La prière, ensemble ou personnelle, est commune à toutes les religions. Tous les sacrements, particulièrement la messe, sont des prières, le Notre Père, le chapelet, etc. rythment nos journées, et les moines, les religieuses, les diacres et prêtres prient matin midi et soir, parfois même la nuit. Ceci ressemble beaucoup aux prières juives ou musulmanes, ou d’autres religions. Mais y a-t-il une originalité de la prière des disciples de Jésus, et pourquoi demande-il de prier sans se décourager ? Peut-être parce qu’il faut du courage pour persévérer, et trouver du temps au milieu d’autres occupations. Peut-être aussi parce que la prière peut être réduite à son utilité, son efficacité pratique. Prier demande d’avoir le courage de s’en remettre totalement à Dieu pour son jugement ultime de nos actes, et puis agir en conscience. Comme on le voit dans l’évangile : Jésus prie son père avant de prendre de grandes décisions, il cherche quelle est la volonté de son père, pour la mettre en œuvre, mais il ne demande pas au Père ni de réfléchir ni d’agir à sa place.

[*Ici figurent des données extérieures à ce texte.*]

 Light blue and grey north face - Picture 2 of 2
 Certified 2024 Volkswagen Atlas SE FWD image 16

On sait que Jésus est souvent, et nous aussi j’espère, en prière d’action de grâce. Mais ici il s’agit bien d’une prière de demande. La parabole qu’on vient d’entendre met face à face un juge injuste et indifférent, et « une pauvre veuve » qui n’a aucun pouvoir mais veut qu’on lui rende justice. La conclusion est simple : si même un juge sans foi ni loi finira par rendre justice, combien plus Dieu qui est juste et bon nous écoutera. Donc le contenu de la prière, c’est l’espérance en la justice de Dieu. Ce qui pose une première question : dans notre prière, demandons-nous à Dieu de rendre justice ? Est-ce cela notre demande profonde ? Normalement, des chrétiens doivent être sensibles aux misères et aux souffrances du monde. On ne peut pas être chrétien et indifférent à l’injustice commise envers les petits, les faibles, les pauvres, de toutes manières possibles. Seulement, si nous espérons que Dieu « fera justice bien vite », il y a deux gros problèmes.

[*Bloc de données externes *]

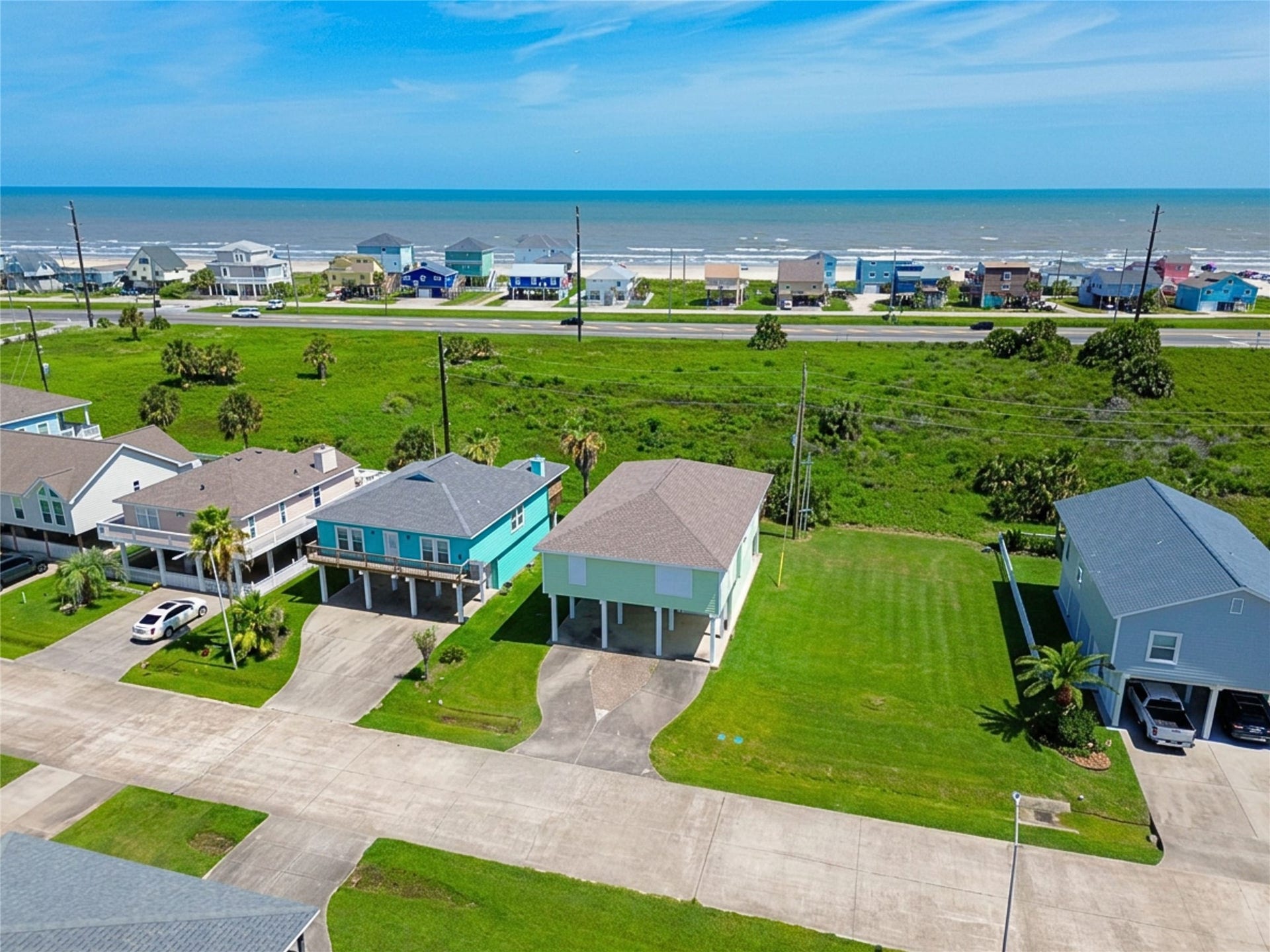22329 Vista Del Mar, Galveston, TX 77554 Short golf cart ride to the beach...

Tout d’abord cette justice n’est pas forcément sensible et immédiate. Jésus lui-même mourra apparemment dans le silence de Dieu devant l’injustice qui lui est faite. La tentation, contre laquelle nous prions, est peut-être justement ce « manque de foi » qui nous fait douter de la justice de Dieu, au vu des événements du monde. « Ou est Dieu ? » « Que fait Dieu ? ». Mesurer l’action de Dieu aux résultats apparents peut mener au découragement et au désespoir.
Le second problème, le plus important peut-être, est « suis-je d’accord avec la justice de Dieu ? est-ce que j’ai foi en sa manière de rendre la justice ? Est-ce que j’accepterai vraiment ses jugements ? Déjà nous ne sommes pas toujours d’accord avec les juges terrestres, qu’on estime trop durs trop laxistes. Et Dieu ? C’est sans doute pour cela que jésus s’inquiète : quand il viendra rendre justice, aurons-nous confiance en sa façon de rendre justice ? Jésus se fâche quand les apôtres demandent qu’on fasse tomber le feu du ciel sur les villages inhospitaliers. Ce n’est pas la justice du fils ainé, qui consisterait à punir le fils prodigue. C’est cela la tentation que nous demandons à Dieu de nous éviter : tentation du désespoir, tentation de la vengeance.

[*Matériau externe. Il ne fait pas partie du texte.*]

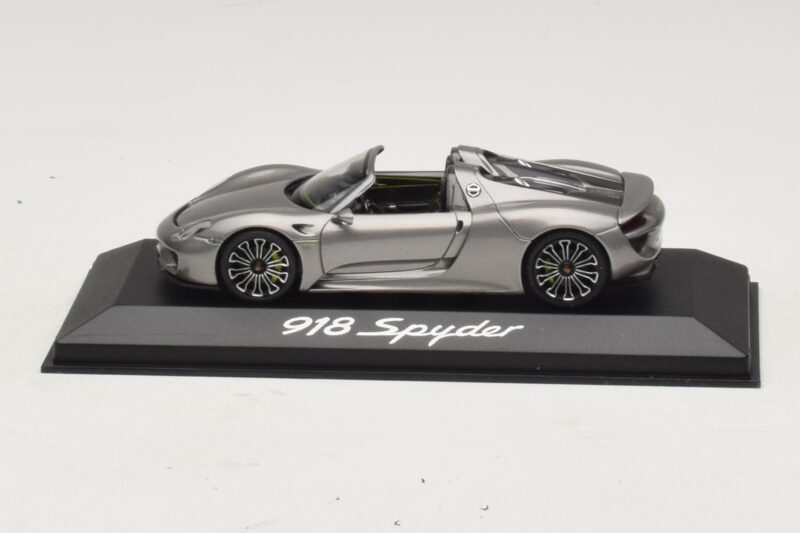 Porsche 918 Spyder Grey Metallic Minichamps 1:43 Porsche 918 Spyder Grey Metallic Minichamps 1:43 WAP0201000E Diecast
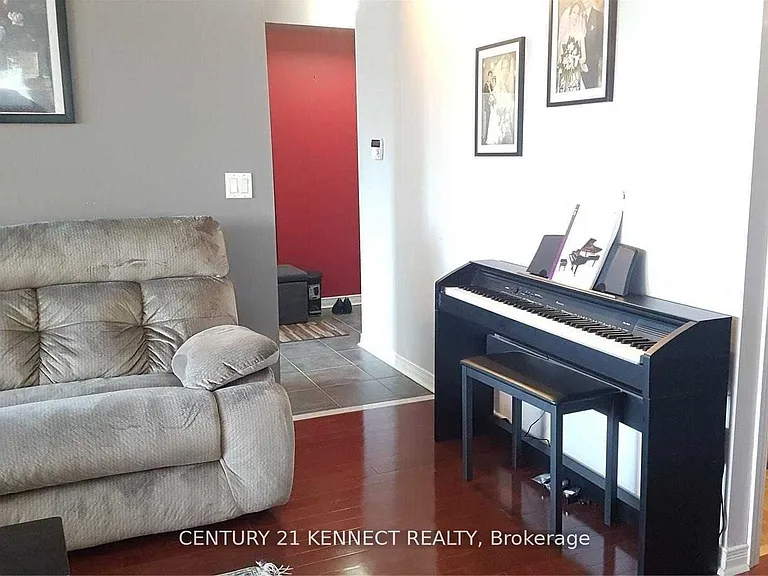 23 Oneida Cres #411 — Photo 21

La foi que réclame Jésus consiste à faire confiance à la justice de Dieu et non à notre propre justice. La prière est donc bien « que ta volonté soit faite ». Quant aux « règlements de compte, la suite du notre Père est clair : pardonne-nous car nous-mêmes nous pardonnons » On ne demande pas à Dieu de juger avec nos yeux et nos critères, et d’exécuter la sentence que nous sommes trop faibles pour appliquer. On lui demande de juger lui-même. Et nous nous en remettons à sa sentence. On prie pour entrer dans les sentiments de Dieu, et non pour que Dieu entre dans nos sentiments. Et si nous entrons dans les sentiments du Père, nous ne pouvons que lui demander d’être miséricordieux, car il l’est déjà. Et si demander en faveur de l’autre la miséricorde de Dieu ne change rien en Dieu, cela change beaucoup notre cœur. La prière ne vient pas modifier les sentiments de Dieu ou infléchir son action. La prière de Jésus ne lui a pas évité la croix. La prière, dans l’Esprit saint, doit nous aider à entrer dans les sentiments de Dieu et à nous en remettre à lui pour le jugement final de notre vie et de celle de nos frères. La prière du Fils est tout entière dans le « en tes mains je remets mon esprit ».